Когда начались схватки, она и об этом забыла и только думала: скорее бы, будь что будет. Ее положили на стол. Три женщины в белых халатах несуетливо ходили вокруг. Скорее, молилась она, потому что слышала в палате, что если долго длятся схватки, ребенок может задохнуться. Она кусала губы от боли, но не кричала, боясь, что это будет неприятно женщинам, они будут раздражительны и недостаточно внимательны к ребенку. Боль была везде – в лицах женщин, в каких-то лампах, во всех предметах, она была налита болью. Временами впадала в забытье, но внезапно и ясно увидела, как женщина в белом халате, такая добрая и располагающая к себе, деловито держит за ноги головой вниз маленькое красное тельце. Она закричала: "Почему он не плачет?" Женщина шлепнула малыша по ягодицам, он запищал, и она откинулась легко и безучастно.

Долго отходила боль, и отдых был, как потрясение. Живота не было, значит, снова будет талия: в это не верилось. Принесли его впервые кормить в полночь, и он показался ей таким некрасивым: маленькое, сморщенное, как у старика, личико. Увидела ручку: точно такая же, как и большая, привычная, только очень маленькая, и пальчики тонкие, как соломинки.

Осторожно, удивляясь неизвестно откуда взявшейся кошачьей мягкости и сноровке в себе, взяла его на руки, дала сосок, и он принялся бойко и независимо сосать, втягивать в себя молоко, и в этой независимости особенно остро проступала полнейшая его беспомощность, и волна нежности и горечи, сладкой и неизведанной, прихлынула к ней.

Я лежал, почти не дыша, в темноте, чувствуя, что все мое лицо увлажнено слезами.
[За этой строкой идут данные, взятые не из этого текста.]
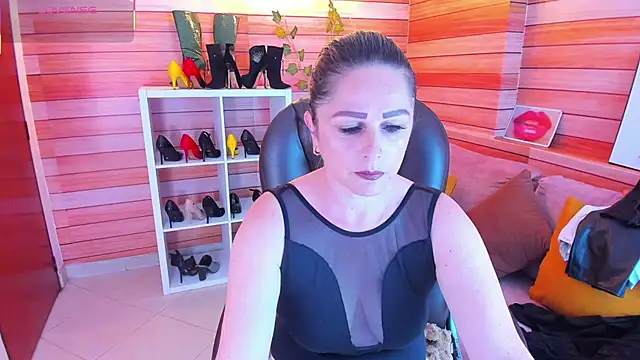 Victoria collins 1 online show from December 16, 12:09 pm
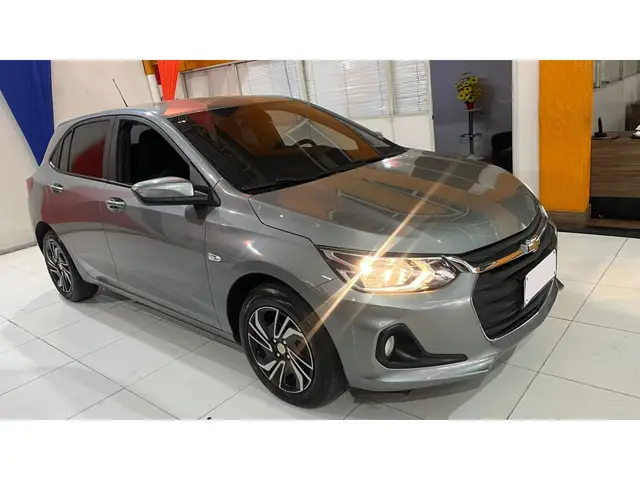 Carro Chevrolet Onix Plus 2024 LT 1.0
Ссорился с ней нередко, но только для того, чтобы убедить себя, что не совсем уступчив. Иначе мне казалось, что она со временем просто перестанет меня терпеть. Потому-то и ссоры были настолько бессмысленными, что в следующий миг уже невозможно было вспомнить, по какому поводу они возникли.

Иногда я пугался всерьез мысли, что без нее буду вычеркнут из жизни. Это подозрение в почти наркотической от нее зависимости заставляло меня быть несправедливым к ней, хотя, честно говоря, более несправедливой, говорящей назло и явно наслаждающейся этим была она. В этом деле ей не было равных.